====== SOURCE MATERIAL ======

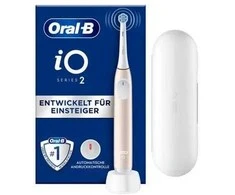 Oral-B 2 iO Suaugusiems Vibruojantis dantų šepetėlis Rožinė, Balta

======
====== SOURCE MATERIAL ======

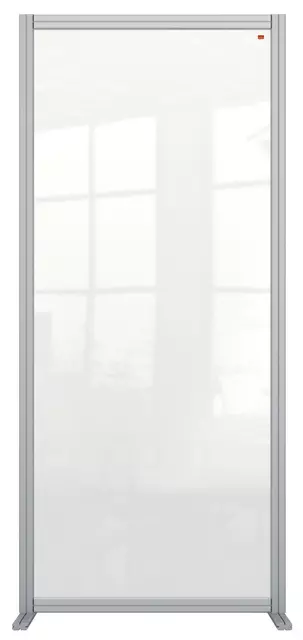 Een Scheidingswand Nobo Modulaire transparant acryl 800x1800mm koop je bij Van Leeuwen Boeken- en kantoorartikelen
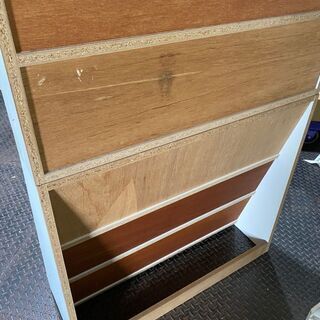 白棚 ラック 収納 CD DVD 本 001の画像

======
====== SOURCE MATERIAL ======

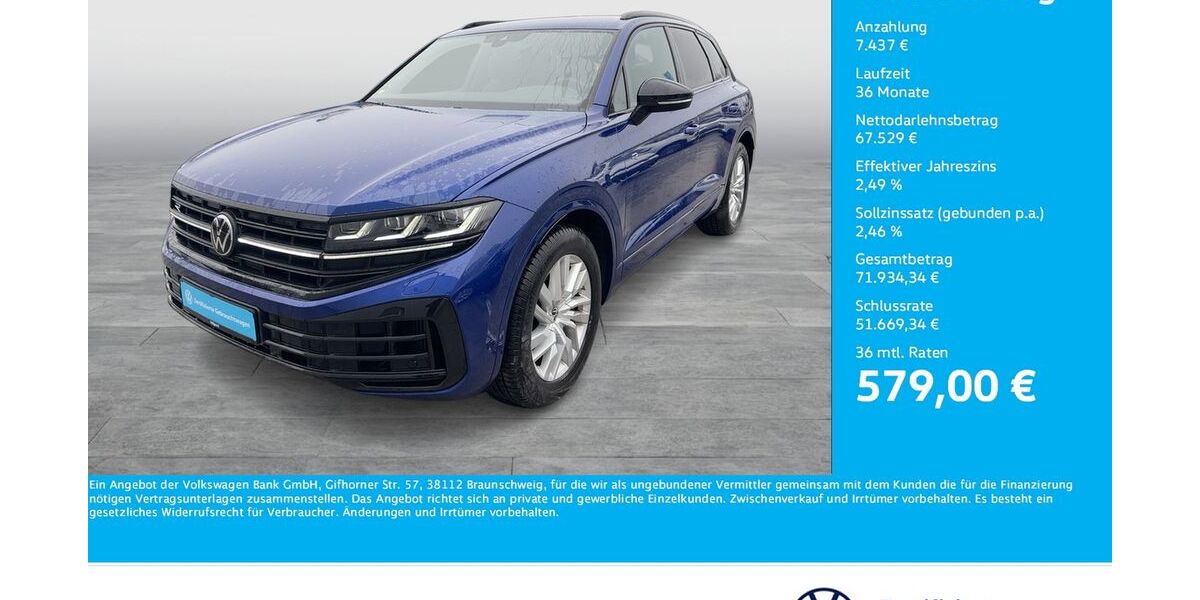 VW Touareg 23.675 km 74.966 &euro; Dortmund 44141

======

Print the line above containing "Een Scheidingswand Nobo", the line containing "白棚 ラック 収納 CD DVD 本 001の画像", and everything between them, exactly as written. Pictures stay out.

**OUTPUT OF THE TASK:**
 Een Scheidingswand Nobo Modulaire transparant acryl 800x1800mm koop je bij Van Leeuwen Boeken- en kantoorartikelen
 白棚 ラック 収納 CD DVD 本 001の画像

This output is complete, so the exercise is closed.